_Assigned task_: Every line below between the one holding "2014 BMW 328I VIN: WBA3B5C52EP541090" and the one holding "Cawanerl автомобильные аксессуары", inclusive, should be copied exactly, and no other line.

_Input material_:
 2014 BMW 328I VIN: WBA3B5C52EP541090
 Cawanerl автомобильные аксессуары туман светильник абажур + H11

==

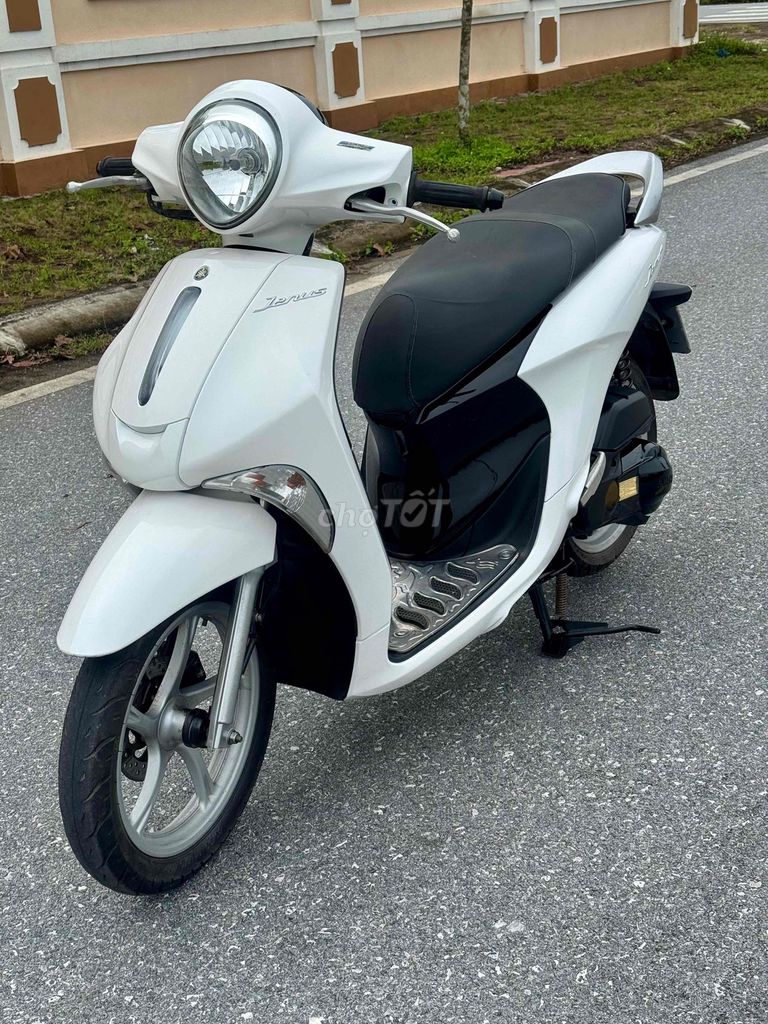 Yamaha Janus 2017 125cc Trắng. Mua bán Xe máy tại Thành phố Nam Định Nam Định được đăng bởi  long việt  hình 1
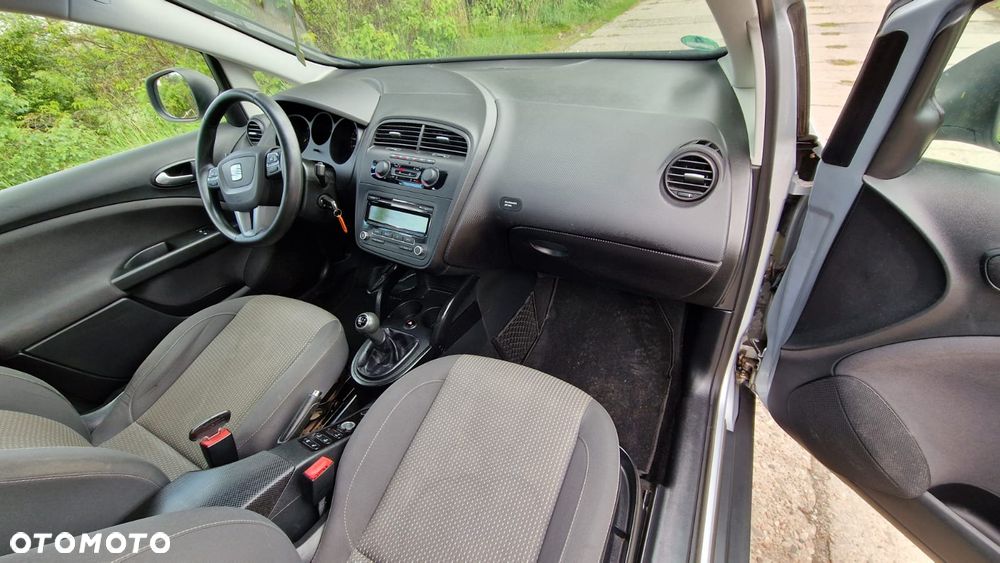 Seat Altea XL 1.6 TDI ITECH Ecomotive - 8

_Problem solution_:
 2014 BMW 328I VIN: WBA3B5C52EP541090
 Cawanerl автомобильные аксессуары туман светильник абажур + H11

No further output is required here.